What’s considered normal (or even desirable) in an object-oriented language might be awkward (or even impossible) in a purely functional language, and vice versa. How we’d solve a problem in a data manipulation language like SQL would be radically different
from how we’d solve the same problem in a language like Python. Naturally, some kinds of problems will be better solved with one set of tools than another, so we’d expect
different programming languages to excel at different tasks; part of why we want some exposure to more than one programming language is so that we can start to develop our sensibilities about the ways that languages can differ, and how we might be able to
recognize the kinds of problems that are a better fit for some than others. That way, even if we don’t become experts in multiple languages at once, we’ll at least have embraced
the idea that no single language is the best solution to every problem; that’ll open our
minds to learning about alternatives when they show promise, rather than falling in love with our first language and never being able to let go of it, or simply riding the waves of hype and fashion wherever they lead, for better or worse.

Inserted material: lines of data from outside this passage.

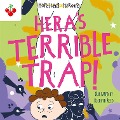 Hera's Terrible Trap! - Stella Tarakson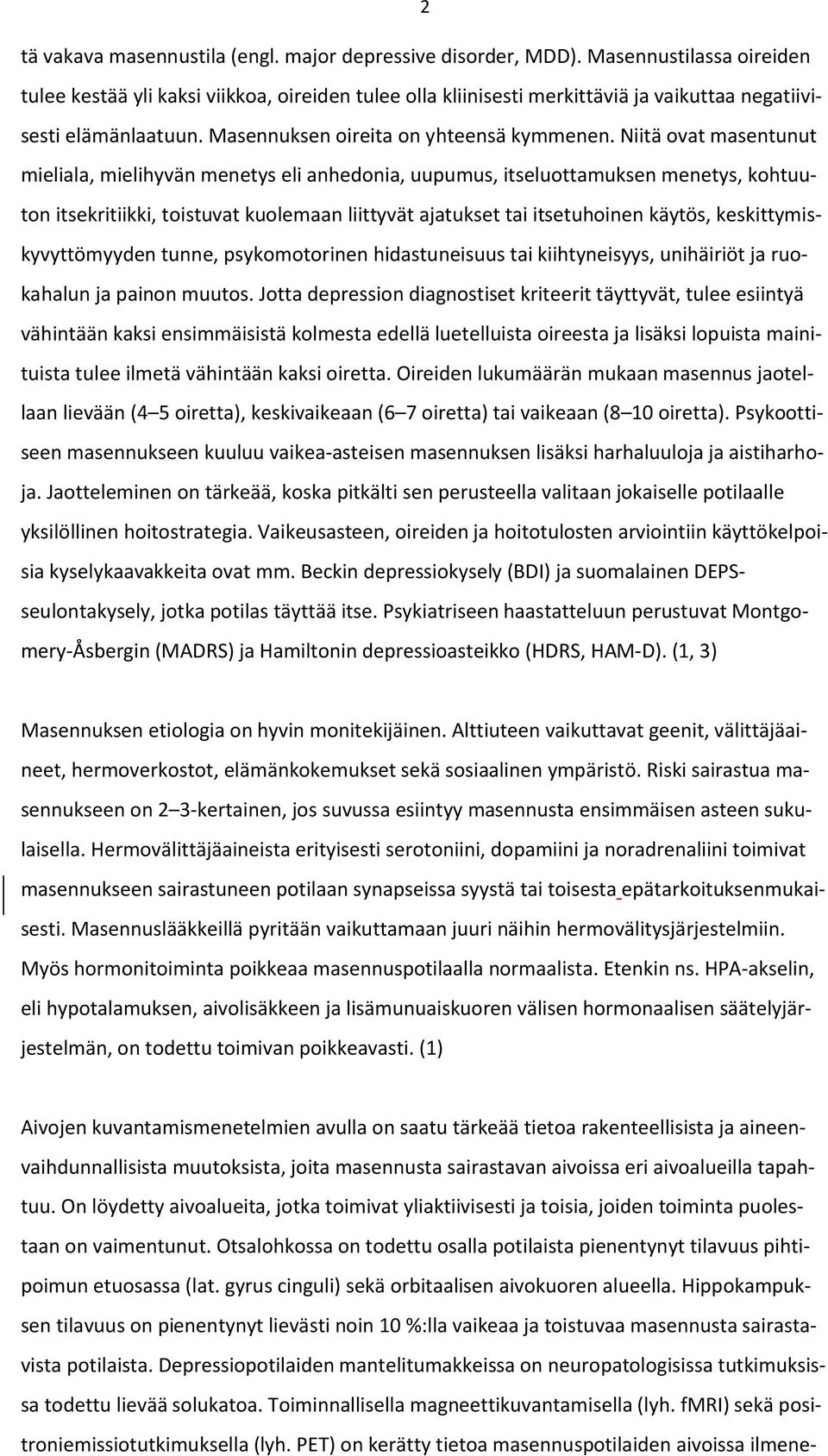 Niitä ovat masentunut mieliala, mielihyvän menetys eli anhedonia, uupumus, itseluottamuksen menetys, kohtuuton itsekritiikki, toistuvat kuolemaan liittyvät ajatukset tai itsetuhoinen käytös,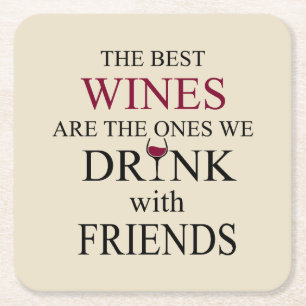 Funny wine drinking and friends quote square paper coaster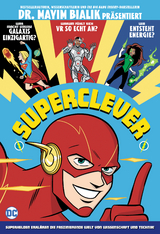 Superclever: Superhelden erklären die faszinierende Welt von Wissenschaft und Technik! - Mayim Bialik, Sholly Fisch, Varian Johnson, Darian Johnson, Isaac Goodhart, Vic Regis, Amy Chu, Ile Gonzalez, Dustin Hansen, Amanda Deibert, Erich Owen, Vita Ayala, Andie Tong, Cecil Castellucci, Corinna Bechko, Michael Northrop, Kirk Scroggs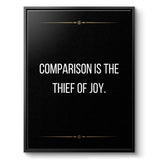 Comparison is the thief of joy - canvas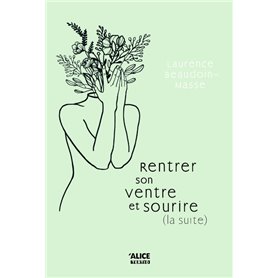 Rentrer son ventre et sourire (la suite) - Tome 02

Fortunately, we’ve already had a head start on that journey, because Project 2 asked you to build a single application that was written using more than one programming
language. We used Python to implement our user interface and the “engine” underlying it, while we instead used SQL to describe our interactions with the database that stored and managed the program’s data. The technique of writing systems made up of code
written in multiple programming languages is sometimes calledpolyglot programming, which, like many choices we make in computing, represents a tradeoff: We give up the simplicity of writing everything in a single language, but we gain access to a set of
abilities that approach the union of the abilities of all of the languages we’re using. As long as we can figure out how to make code in one language work together with code in another — in Project 2, we relied on the sqlite3 library to smoothly communicate between them — and as long as we’re careful to use the “best-fit” language for each part of our program, we can sometimes achieve things that are much more difficult to achieve when writing everything in one language. The more complex the system, the greater the chance it may benefit from polyglot techniques.
Among the differences between programming languages are the differences in their
syntax, which is to say that different programming languages allow us to use different keywords and symbols in different orders. Where a SQL statement might begin with
SELECT or CREATE TABLE, a Python statement might instead begin with class or def. There is some overlap between the words and phrases allowed across programming
languages, but there are almost always differences somewhere. We can write a + bin both Python and SQL, for example, but the statements in which it can legally appear would need to be structured differently.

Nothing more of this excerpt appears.